Voglio dire, trent’anni fa al campo base per lo più parlavamo delle caratteristiche delle nostre escrezioni. E qualcuno si limitava a grugnire.
Certo non siamo mai stati del medesimo calibro!
Tornando alla scrittura e al racconto di alpinismo, direi che oggi siamo distanti anni luce da certe problematiche. Questi parlavano di Platone e Mendeleijev (non so se l’ho scritto giusto) mentre andavano a scalare, mentre oggi in situazioni simili si discute di attrezzature e vestiti.

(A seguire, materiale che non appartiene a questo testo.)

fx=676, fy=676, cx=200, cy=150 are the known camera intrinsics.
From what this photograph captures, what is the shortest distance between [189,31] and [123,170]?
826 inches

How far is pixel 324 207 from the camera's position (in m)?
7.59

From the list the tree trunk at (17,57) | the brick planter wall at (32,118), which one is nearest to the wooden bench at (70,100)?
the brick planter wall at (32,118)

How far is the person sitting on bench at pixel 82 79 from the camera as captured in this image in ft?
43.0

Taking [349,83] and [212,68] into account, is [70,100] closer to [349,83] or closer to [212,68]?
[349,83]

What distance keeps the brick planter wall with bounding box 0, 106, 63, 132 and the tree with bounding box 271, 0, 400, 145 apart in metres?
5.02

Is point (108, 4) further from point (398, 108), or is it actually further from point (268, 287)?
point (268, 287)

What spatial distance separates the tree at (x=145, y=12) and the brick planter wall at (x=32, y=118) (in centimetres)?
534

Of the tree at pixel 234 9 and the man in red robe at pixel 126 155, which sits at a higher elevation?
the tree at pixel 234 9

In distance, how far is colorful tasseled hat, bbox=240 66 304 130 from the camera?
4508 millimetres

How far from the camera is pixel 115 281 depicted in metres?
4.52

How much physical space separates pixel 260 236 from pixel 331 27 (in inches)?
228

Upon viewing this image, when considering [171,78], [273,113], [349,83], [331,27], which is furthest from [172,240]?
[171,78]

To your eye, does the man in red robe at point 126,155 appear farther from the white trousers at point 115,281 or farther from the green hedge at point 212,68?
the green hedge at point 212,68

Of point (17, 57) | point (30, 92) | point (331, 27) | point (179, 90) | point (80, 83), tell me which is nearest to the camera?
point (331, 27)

Per me non c’è nulla di più sterile e noioso del non porsi domande e del non esercitare il diritto di critica, anche verso se stessi. Ve li vedete i nostri attuali eroi nazionali degli ottomila, a parlare di filosofia e letteratura? Io non ce li vedo affatto.
Non voglio rimpiangere a tutti i costi i tempi che furono, ma era bello quando alpinismo significava anche disadattamento, perché è da quello che nasce il genio della visione “oltre” quello che la massa appecorata percorre senza farsi domande. È quanto più la prestazione sportiva è elevata, meno si è disposti a vederne i difetti, ovvero le mancanze.

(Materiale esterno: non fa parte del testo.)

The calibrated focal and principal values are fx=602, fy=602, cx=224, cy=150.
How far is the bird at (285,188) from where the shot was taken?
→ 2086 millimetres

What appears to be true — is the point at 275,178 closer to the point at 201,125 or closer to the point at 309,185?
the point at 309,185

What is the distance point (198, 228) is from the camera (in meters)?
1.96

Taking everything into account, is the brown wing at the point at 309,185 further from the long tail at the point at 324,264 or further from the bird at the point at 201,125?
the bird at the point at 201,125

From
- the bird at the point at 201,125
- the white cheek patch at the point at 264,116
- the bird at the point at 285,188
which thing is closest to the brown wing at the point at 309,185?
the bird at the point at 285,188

Ma a una massa sensibile solo alle apparenze e ai numeri, altro non si può trasmettere che il cibo scontato di cui vuole nutrirsi. Essere alpinisti di punta oggi (ma cosa significherá poi esserlo?) non lascia il tempo per leggere. E per scrivere sembra che spingersi oltre la semplice cronaca sia estremamente più difficile che scalare le montagne.
Per fortuna ci sono letture senza tempo in cui ritrovarsi d’accordo oppure no, nell’esplorare gli umani interstizi verticali.
Caro Alberto, il problema che tu sollevi è tra quelli che piú tormentano molti esseri umani, specialmente durante la giovinezza, cioè ai tempi delle prime scelte esistenziali: che fare della vita? lanciarsi e rischiare oppure trascinarsi nel quieto vivere?
Come si diceva una volta, «è una domanda da un milione di dollari».
e quella che è rimasta QUAGGIU’ di gioventù?
magari per cose che non volevano fare. O accecati da questa società che vende specchi per le allodole.
leggendo e osservando le foto mi è parso di sentire le loro voci: Leo e Miller che chiacchierano sul pulmino… e ignorano che hanno solo poche settimane di vita..
Sono trascorsi 45 anni, e sono ancora lassù, a 7300metri… My God, quanta gioventù è “rimasta lassù”!
Renato B
Leonardo “Leo” Cerruti morí nel 1973 proprio durante la spedizione all’Annapurna di cui si parla nell’articolo. Fu travolto dal crollo di un enorme seracco mentre riposava in tenda con l’amico Miller Rava. I loro corpi non furono mai ritrovati.
Ora imparo che nel precedente mese di giugno gli era nato un figlioletto, rimasto quindi orfano a soli tre mesi di età.